Mille posts ! ...Toutes mes félicitations  

Et profitons-en pour faire la fête, ici !


----------



## Calamitintin

Bravo bravo ! Toutes mes ficelles de caleçon !  (même si j'ai pas de caleçon )


----------



## Punky Zoé

... ... !!! Pas besoin de mon aide, Lila .

 *Félicitations pour ce premier mille !!!   *​


----------



## lilatranslator

Punky Zoé said:


> ... ... !!! Pas besoin de mon aide, Lila .
> 
> *Félicitations pour ce premier mille !!!   *​


 Merci pour ton "BrasVeau" PZ!
And you know the best part of it? I had a harder time figuring out what the PZ abbreviation meant. I did guess though


----------



## lilatranslator

Calamitintin said:


> Bravo bravo ! Toutes mes ficelles de caleçon !  (même si j'ai pas de caleçon )

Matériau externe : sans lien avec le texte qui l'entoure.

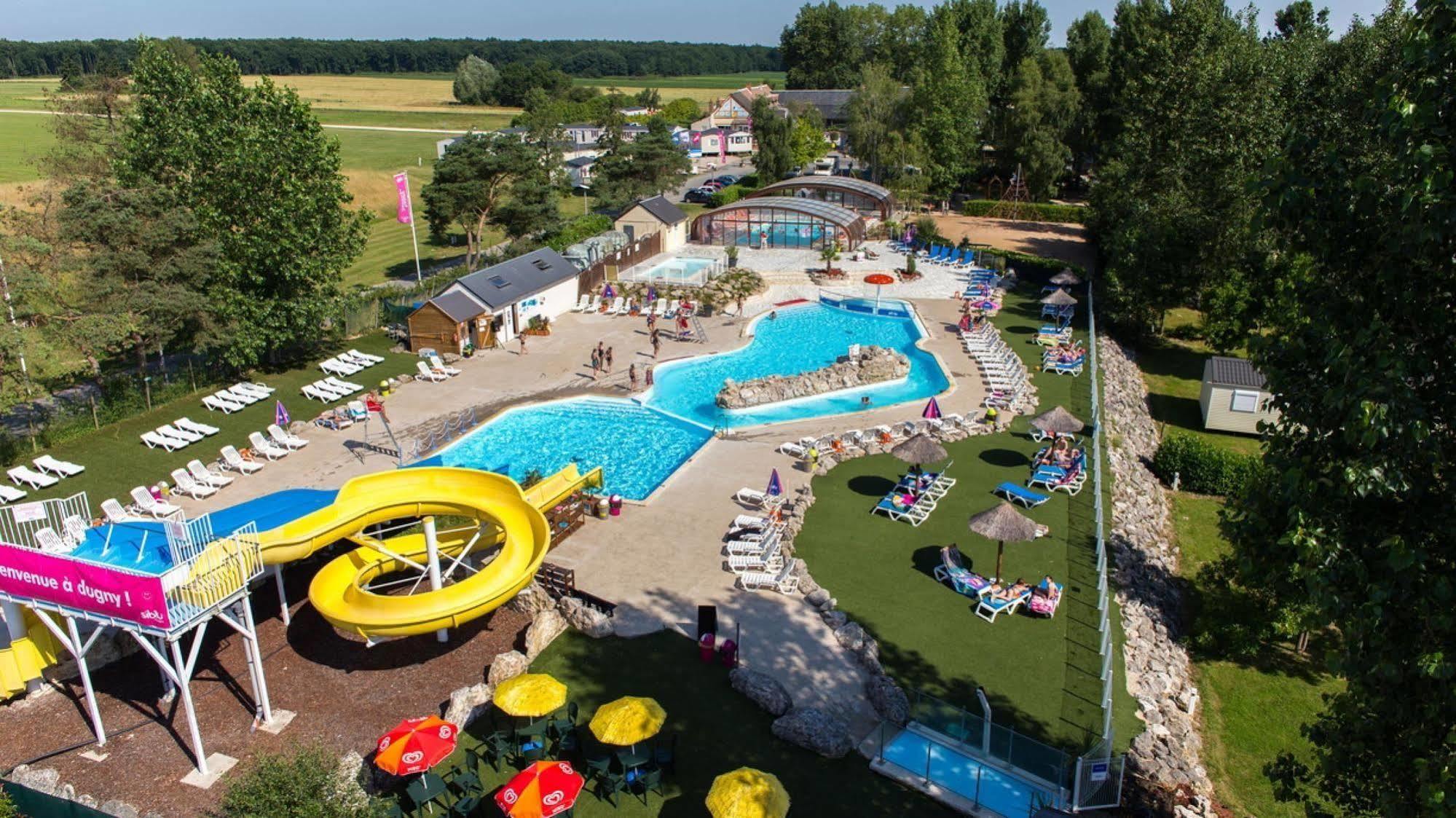 Camping Officiel Siblu Domaine De Dugny Onzain Exterior foto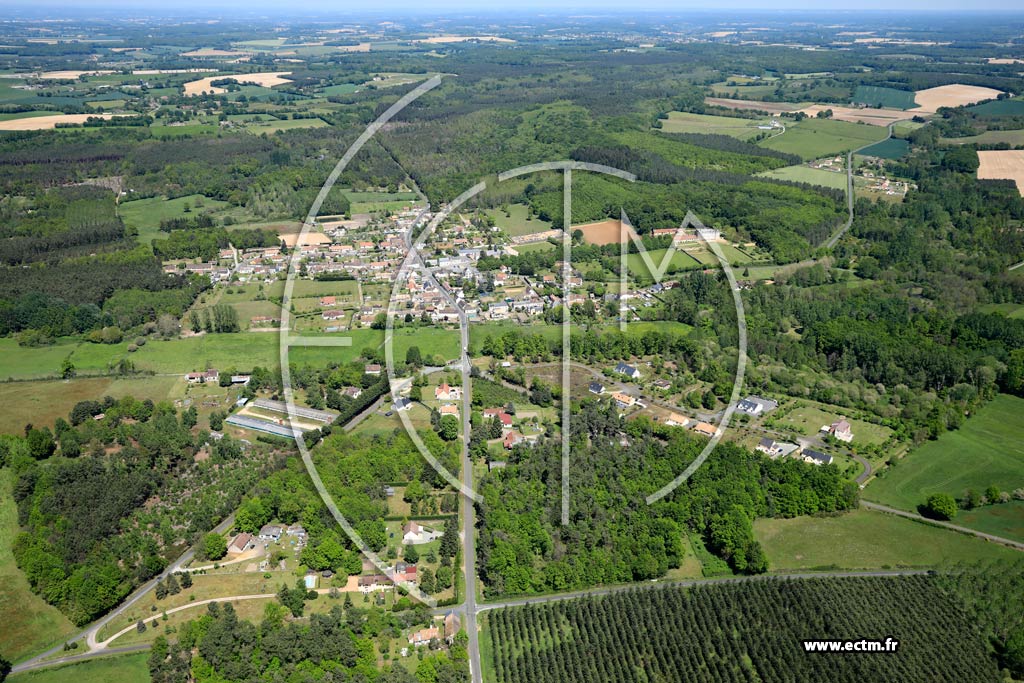 Photo arienne de Saint-Mars-de-Locquenay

Tu dois avoir des ficelles ailleurs
Merci Calamitintin


----------



## lilatranslator

itka said:


> Hello Lilatranslator !
> Mille posts ! ...Toutes mes félicitations
> 
> Et profitons-en pour faire la fête, ici !


Merci Itka


----------



## marget

JOYEUX POSTIVERSAIRE, lilatranslator !!!!!!!!!!!!!  Quel plaisir de participer sur ce forum avec toi !

Marget


----------



## lilatranslator

marget said:


> JOYEUX POSTIVERSAIRE, lilatranslator !!!!!!!!!!!!!  Quel plaisir de participer sur ce forum avec toi !
> 
> Marget


Merci Marget, le plaisir est partagé


----------



## hunternet

Fé&licitations pour ces mille posts lilatranslator !


----------



## Missrapunzel

Bravo pour ton premier millier, Lilatranslator!! Quel talent, je n'avais pas compris le Bras-Veau!!    
Bravo, bravo et continue comme ça, c'est un plaisir de te lire!


----------



## lilatranslator

Missrapunzel said:


> Bravo pour ton premier millier, Lilatranslator!! Quel talent, je n'avais pas compris le Bras-Veau!!
> Bravo, bravo et continue comme ça, c'est un plaisir de te lire!

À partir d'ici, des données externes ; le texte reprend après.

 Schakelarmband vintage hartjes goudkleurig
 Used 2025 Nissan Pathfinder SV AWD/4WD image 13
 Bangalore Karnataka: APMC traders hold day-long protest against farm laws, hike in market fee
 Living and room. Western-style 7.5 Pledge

Merci Missrapunzel et Hunternet


----------



## Nil-the-Frogg

C'est bien de ne pas poster trop frénétiquement, ça nous laisse le temps de rédiger nos félicitations avant que le compteur n'ait doublé.  Et qui sait, peut-être même que cela prouve que tu as une vie en dehors du forum!  

En tout cas, bravo!


----------